AVAILABLE DATA -
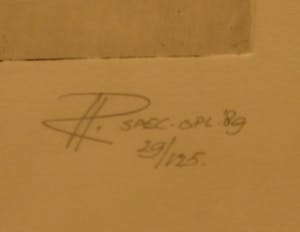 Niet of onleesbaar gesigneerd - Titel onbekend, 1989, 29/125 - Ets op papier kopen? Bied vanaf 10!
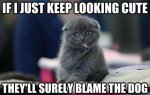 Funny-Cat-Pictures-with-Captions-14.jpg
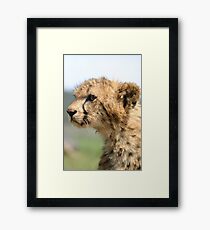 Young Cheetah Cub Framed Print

--

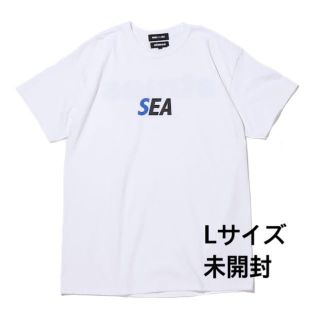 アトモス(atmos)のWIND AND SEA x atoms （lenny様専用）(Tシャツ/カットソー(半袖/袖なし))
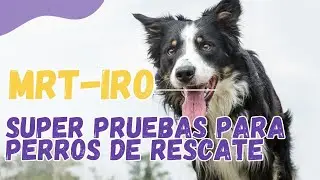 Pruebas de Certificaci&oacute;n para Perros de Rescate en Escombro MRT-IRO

WORK REQUIRED -
Within the material above, only the stretch from the line holding "Niet of onleesbaar" through the line holding "Young Cheetah Cub Framed Print" is to be restated exactly. Pictures are dropped.

WRITTEN REPLY -
 Niet of onleesbaar gesigneerd - Titel onbekend, 1989, 29/125 - Ets op papier kopen? Bied vanaf 10!
 Funny-Cat-Pictures-with-Captions-14.jpg
 Young Cheetah Cub Framed Print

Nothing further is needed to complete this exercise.